AS inflation bites, especially in energy costs, more people are going to be forced into borrowing. Much of the population lives from one payday to another; a quarter have less than £100 in savings. They are perfect prey for moneylenders.
The interest on payday loans can be enormous – more than 1,000 per cent AER (Annual Equivalent Rate). Credit cards charge much less, but can potentially cost even more in the long run.
The average amount borrowed on a payday loan is £260, but on a credit card it is £2,000 or more. The former generally runs for two or three weeks; the latter can take years to clear, especially if the borrower finds it necessary to pay back as little as possible.

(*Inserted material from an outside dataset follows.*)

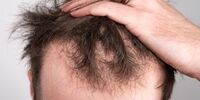 چی بخوریم تا ریزش مو نداشته باشیم؟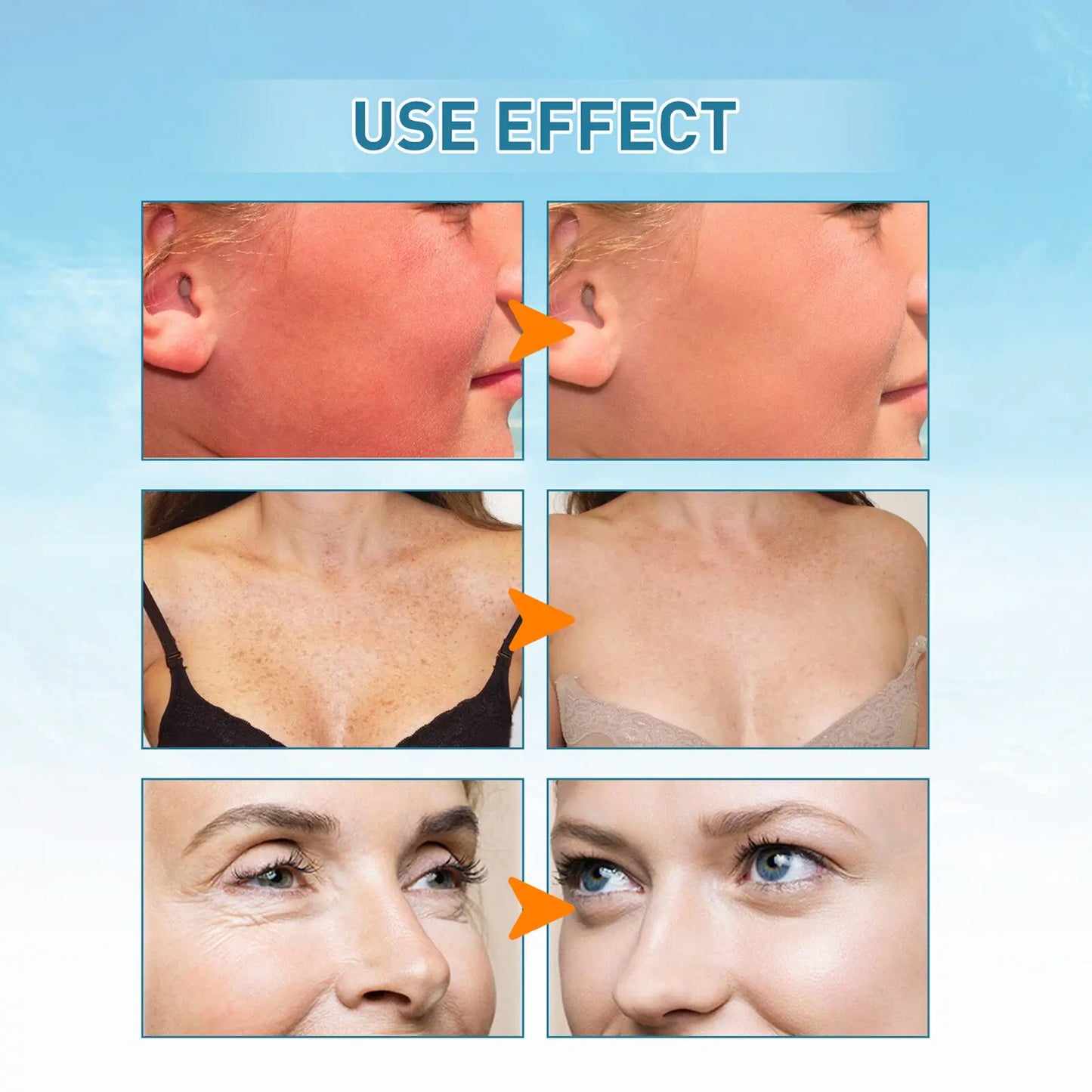 SPF90, sunscreen lotion, sun protection before uses and after effects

Take my Visa card for example. The minimum monthly payment is two per cent of the outstanding balance, which is just above the interest rate of 1.85 per cent. If we start with a debt of £2,000 and pay off £40 (two per cent) – and carry on paying £40 every month even as the loan gets smaller – it will take nearly 12 years to get clear. By the time you get to the end you will have paid nearly twice as much in interest as the capital sum owed (you can do your own calculations here.)
That’s not just a theoretical problem – the amount outstanding on UK credit cards is more than £60billion.
Despite operating costs and consumer defaults, there’s big money in this business. The first metric we can analyse is the net profit margin, which is the ratio of profit a company earns to the total amount of revenue that is generated. Visa’s profit margin is 51.1 per cent in 2021, compared to Mastercard’s 46 per cent for 2021.
Surely there is scope for reducing interest rates on credit cards, or a program of debt forgiveness?
Moneylending is a physically gentler, but equally relentless form of slavery. In California, personal service contracts are limited to seven years at most, to prevent the shackling that, for example, Hollywood formerly used. Yet since 2005 it has not been possible for US citizens to escape the burden of student loans, even through bankruptcy, while tuition costs have more than doubled over the last 20 years.
As the banking industry grinds harder in a time of increasing personal financial distress, something has got to give.